Karl Luick (1865–1935) was the de facto founder of the Vienna School of English historical linguistics, which was continued by Herbert Koziol and has been expanded, most notably and most recently, by Herbert Schendl and Nikolaus Ritt as the most recent holders of the "Luick Chair" in English historical linguistics.

==Biography==
Luick was born on 27 January 1865 in Floridsdorf, which is now part of Vienna. He died on 20 September 1935 in Vienna. Luick studied English and other languages at the University of Vienna, where he passed the examinations to be a high school teacher in 1888, received his doctorate in 1889 and his habilitation ("second book") in 1890, all from the University of Vienna.
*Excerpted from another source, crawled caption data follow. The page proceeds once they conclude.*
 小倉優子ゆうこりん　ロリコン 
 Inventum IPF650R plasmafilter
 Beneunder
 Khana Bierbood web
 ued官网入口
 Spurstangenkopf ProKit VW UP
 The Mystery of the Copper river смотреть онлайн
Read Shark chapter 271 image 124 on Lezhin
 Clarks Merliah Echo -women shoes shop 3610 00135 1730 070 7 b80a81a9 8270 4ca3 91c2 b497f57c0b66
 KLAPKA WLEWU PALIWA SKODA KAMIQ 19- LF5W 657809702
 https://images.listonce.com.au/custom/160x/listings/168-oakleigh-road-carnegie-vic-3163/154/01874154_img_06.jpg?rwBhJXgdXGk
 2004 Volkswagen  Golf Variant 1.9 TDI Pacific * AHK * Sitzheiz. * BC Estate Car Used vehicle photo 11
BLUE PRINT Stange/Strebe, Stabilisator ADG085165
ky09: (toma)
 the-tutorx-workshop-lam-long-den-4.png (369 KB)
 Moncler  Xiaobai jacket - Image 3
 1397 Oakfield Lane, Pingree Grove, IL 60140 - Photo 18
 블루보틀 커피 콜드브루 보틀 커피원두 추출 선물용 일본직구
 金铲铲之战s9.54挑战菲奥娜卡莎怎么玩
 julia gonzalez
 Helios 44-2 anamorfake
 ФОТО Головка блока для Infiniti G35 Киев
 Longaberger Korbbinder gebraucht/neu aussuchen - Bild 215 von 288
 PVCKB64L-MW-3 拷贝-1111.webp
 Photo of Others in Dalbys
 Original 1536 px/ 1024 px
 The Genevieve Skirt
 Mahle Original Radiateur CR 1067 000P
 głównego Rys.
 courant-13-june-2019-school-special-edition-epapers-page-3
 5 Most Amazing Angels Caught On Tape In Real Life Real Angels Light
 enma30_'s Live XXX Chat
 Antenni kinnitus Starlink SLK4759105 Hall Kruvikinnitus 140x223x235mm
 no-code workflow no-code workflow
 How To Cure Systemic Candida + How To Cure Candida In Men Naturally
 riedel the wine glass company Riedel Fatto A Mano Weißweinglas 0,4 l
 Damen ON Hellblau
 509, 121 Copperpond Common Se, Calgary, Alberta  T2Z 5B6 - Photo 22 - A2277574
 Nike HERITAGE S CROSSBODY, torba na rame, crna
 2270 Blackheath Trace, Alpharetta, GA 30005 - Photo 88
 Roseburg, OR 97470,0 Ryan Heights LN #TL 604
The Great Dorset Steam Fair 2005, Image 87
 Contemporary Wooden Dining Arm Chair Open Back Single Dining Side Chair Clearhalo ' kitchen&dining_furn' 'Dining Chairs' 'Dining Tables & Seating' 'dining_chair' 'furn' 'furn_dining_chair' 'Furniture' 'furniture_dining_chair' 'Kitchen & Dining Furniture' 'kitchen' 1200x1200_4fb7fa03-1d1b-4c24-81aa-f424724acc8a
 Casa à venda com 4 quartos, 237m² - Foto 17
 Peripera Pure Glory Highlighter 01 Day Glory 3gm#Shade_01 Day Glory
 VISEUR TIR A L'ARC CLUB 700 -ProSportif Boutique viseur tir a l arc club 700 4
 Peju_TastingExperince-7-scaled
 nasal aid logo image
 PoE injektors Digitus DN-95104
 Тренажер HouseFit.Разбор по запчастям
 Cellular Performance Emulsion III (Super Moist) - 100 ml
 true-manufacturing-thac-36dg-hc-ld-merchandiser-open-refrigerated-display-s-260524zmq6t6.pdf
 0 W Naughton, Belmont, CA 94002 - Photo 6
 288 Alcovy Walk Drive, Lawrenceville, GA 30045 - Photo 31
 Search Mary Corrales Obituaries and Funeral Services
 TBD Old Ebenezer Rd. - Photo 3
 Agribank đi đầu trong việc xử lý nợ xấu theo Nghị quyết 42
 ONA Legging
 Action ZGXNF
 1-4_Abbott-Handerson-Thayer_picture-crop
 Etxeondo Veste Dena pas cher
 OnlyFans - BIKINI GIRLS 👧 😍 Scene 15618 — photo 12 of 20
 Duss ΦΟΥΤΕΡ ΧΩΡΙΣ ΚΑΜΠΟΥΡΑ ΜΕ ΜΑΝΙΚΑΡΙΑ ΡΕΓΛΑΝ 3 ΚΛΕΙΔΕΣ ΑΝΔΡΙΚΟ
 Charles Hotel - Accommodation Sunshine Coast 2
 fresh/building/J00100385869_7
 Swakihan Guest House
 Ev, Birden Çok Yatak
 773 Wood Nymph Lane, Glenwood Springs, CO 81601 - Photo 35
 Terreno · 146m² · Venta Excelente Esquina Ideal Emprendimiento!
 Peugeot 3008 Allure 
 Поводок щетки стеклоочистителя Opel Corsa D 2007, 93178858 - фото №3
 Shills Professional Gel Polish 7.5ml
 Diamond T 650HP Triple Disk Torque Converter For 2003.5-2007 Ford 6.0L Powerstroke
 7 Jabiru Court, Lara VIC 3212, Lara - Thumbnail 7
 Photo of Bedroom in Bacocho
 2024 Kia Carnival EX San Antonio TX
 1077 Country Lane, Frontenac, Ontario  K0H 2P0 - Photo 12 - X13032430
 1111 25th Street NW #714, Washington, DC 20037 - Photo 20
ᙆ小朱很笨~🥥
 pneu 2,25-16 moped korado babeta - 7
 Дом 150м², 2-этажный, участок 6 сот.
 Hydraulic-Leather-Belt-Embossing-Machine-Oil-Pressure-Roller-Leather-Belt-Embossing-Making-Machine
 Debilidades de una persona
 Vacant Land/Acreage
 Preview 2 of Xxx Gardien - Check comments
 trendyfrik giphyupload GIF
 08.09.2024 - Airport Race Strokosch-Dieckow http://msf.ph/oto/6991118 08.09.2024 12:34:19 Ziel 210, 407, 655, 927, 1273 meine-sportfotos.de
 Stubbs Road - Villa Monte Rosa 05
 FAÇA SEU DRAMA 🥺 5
Before completing his doctorate, he spent some time in England and France, then became a privatdocent at the University of Vienna. In 1891, Luick had his habilitation transferred to the University of Graz, where he founded the Department of English, in 1893 a.o. Professor in Graz, the year he turned down a call to the University of Heidelberg. In 1898 he became Full Professor at the University of Graz, in 1900/01 Dean at that university. In 1908, he responded to a call from the University of Vienna as Full Professor. In 1915, he became a full member of the Austrian Academy of Sciences and on 3 July 1925, he received a call to a newly created second chair of English Philology at the Berlin Friedrich-Wilhelms University, which he turned down. In 1926, he became rector of the University of Vienna. Luick was also a member of the Berlin Academy of Sciences.

==Academic work==
His most important publication is his Historische Grammatik der englischen Sprache in two volumes originally published in 1914 and 1921. In its 1964 edition by Blackwell Publishers, the work is still a key text in the field of historical phonology. Luick also published on English literate and German dialectology, above all the Austrian German dialects and the emerging Austrian standard variety of German.